El Acaparador de Apoyabrazos

Una Parábola Cómica

El Acaparador de Apoyabrazos — a story by Pemba Umoja

El Acaparador de Apoyabrazos tenía un hocico como de cerdo, pero no era por eso que lo llamaban así.

Ya fuera en autobús, tren o avión, acaparaba ambos apoyabrazos. La mayoría de la gente era demasiado tímida para decir algo.

A veces el Acaparador de Apoyabrazos incluso extendía sus codos hasta la mitad del asiento de su vecino. Se retorcían, se ponían rojos, pero generalmente mantenían la boca cerrada.

Al Acaparador de Apoyabrazos le encantaba extender sus alas.

Un día una abuela subió a un tren para ver a sus nietos. Había reservado un asiento junto a la ventana y esperaba con ilusión su viaje. El tren serpenteaba por la costa entre ríos y caletas. Era un hermoso día soleado.

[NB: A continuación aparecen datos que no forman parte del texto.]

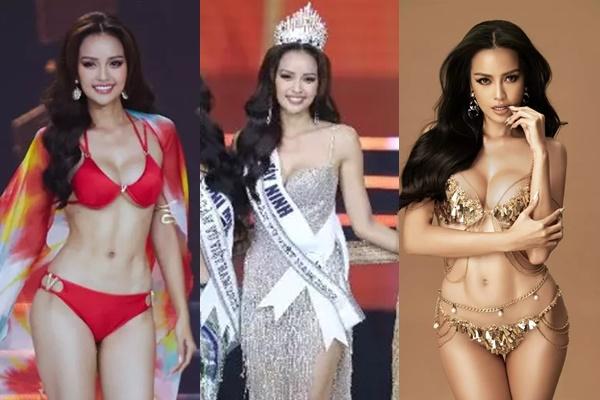 Phạm Hương còn ráo riết chúc mừng Ngọc Châu, Á hậu Thúy Vân không động tĩnh-8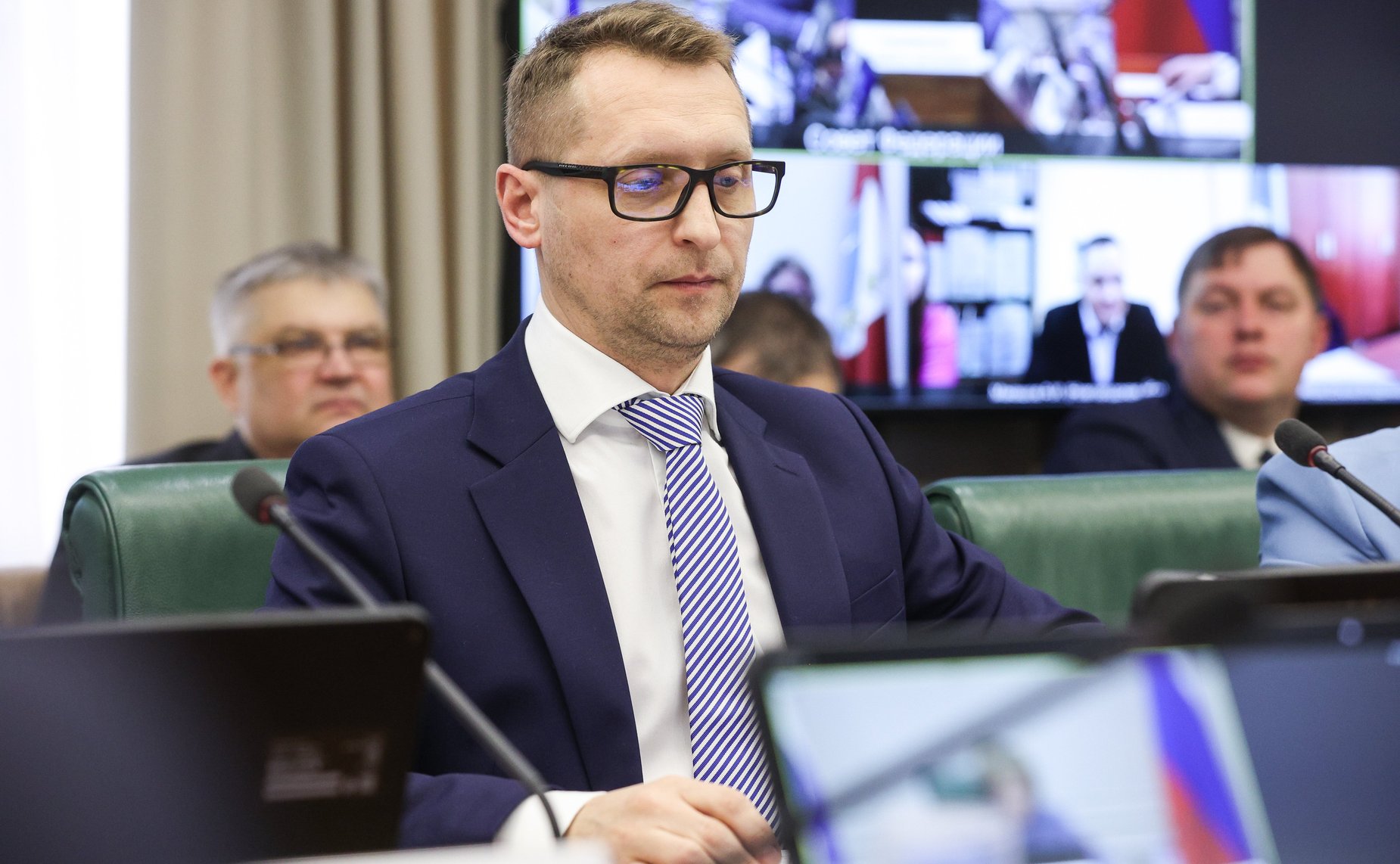 Круглый стол Комитет СФ по науке, образованию и культуре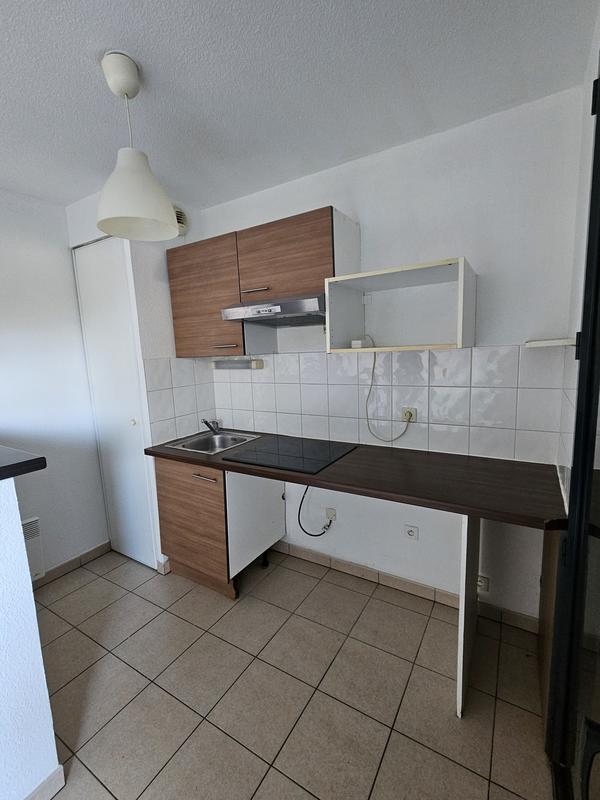 Appartement - 39 m² - 2 pièces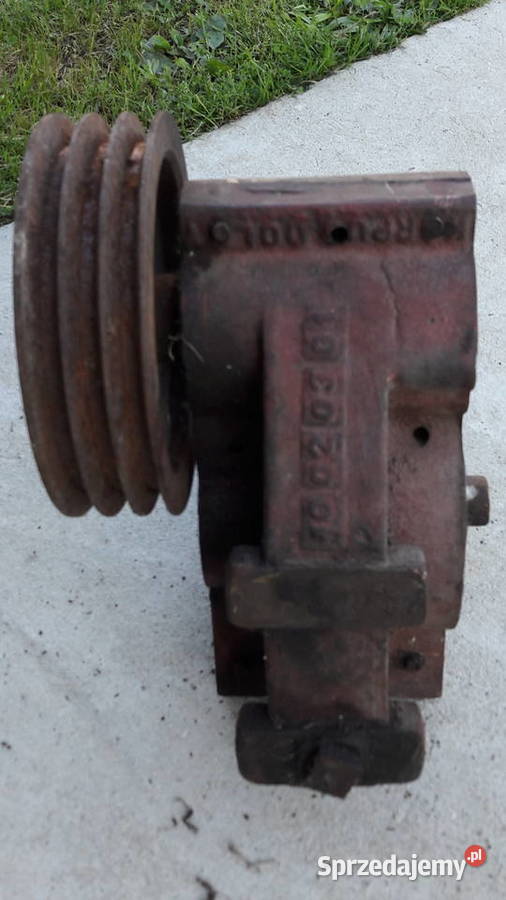 Przekładnia podkarpackie Sarzyna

Entonces el Acaparador de Apoyabrazos se sentó a su lado. Su codo se extendió hasta su regazo.

El Acaparador de Apoyabrazos se quedó dormido rápidamente cuando el tren partió. El Acaparador de Apoyabrazos siempre dormía. El Acaparador de Apoyabrazos siempre roncaba también.

La abuela se retorció. Ni siquiera podía descansar los brazos cómodamente en su propio regazo.

"Tengo una idea," sonrió mientras sacaba su hilo. "Este suéter no solo mantendrá caliente a mi nieto." Ensartó el hilo rojo en su aguja de tejer.

"¿Debería hacerlo?" pensó.

Justo entonces el tren pasó por un tramo de vía irregular. El grueso antebrazo del Acaparador de Apoyabrazos cayó más adentro de su regazo.

La abuela posicionó la punta de su aguja de tejer cerca del pliegue suave de su codo. "¿Debería hacerlo?" pensó de nuevo. "No, no debo."

Justo entonces el tren dio un sacudón.

"¡Ay!" gritó el Acaparador de Apoyabrazos.

"¿Qué pasó?" exclamó.

La abuela se rio por lo bajo, luego continuó tejiendo, pacíficamente, sin decir una palabra.

El Acaparador de Apoyabrazos cruzó los brazos sobre su propio pecho.